#### Description of the task
Starting from the line that contains "6 Animals That Are Experts in Camouflage", give back every line through the end of the listing exactly as written and no other line.

[The data Boundary: Start]

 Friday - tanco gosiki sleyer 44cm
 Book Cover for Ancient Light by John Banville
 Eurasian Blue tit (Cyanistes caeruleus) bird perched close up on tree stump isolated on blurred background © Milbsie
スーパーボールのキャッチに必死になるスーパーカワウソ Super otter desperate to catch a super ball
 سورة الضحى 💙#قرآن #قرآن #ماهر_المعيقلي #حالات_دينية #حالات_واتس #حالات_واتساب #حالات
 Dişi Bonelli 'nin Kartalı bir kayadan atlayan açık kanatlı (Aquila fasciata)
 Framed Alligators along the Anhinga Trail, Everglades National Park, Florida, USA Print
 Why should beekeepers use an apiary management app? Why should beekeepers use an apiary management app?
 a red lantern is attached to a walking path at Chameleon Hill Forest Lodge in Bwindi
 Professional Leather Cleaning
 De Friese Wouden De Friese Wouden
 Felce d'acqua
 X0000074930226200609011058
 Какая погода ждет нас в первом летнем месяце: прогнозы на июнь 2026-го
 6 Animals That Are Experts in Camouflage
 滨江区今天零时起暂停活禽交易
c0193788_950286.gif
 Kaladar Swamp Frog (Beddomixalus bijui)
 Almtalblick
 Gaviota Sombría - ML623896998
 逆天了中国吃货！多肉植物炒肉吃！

[The data Boundary: End]

#### Solved problem
 6 Animals That Are Experts in Camouflage
 滨江区今天零时起暂停活禽交易
c0193788_950286.gif
 Kaladar Swamp Frog (Beddomixalus bijui)
 Almtalblick
 Gaviota Sombría - ML623896998
 逆天了中国吃货！多肉植物炒肉吃！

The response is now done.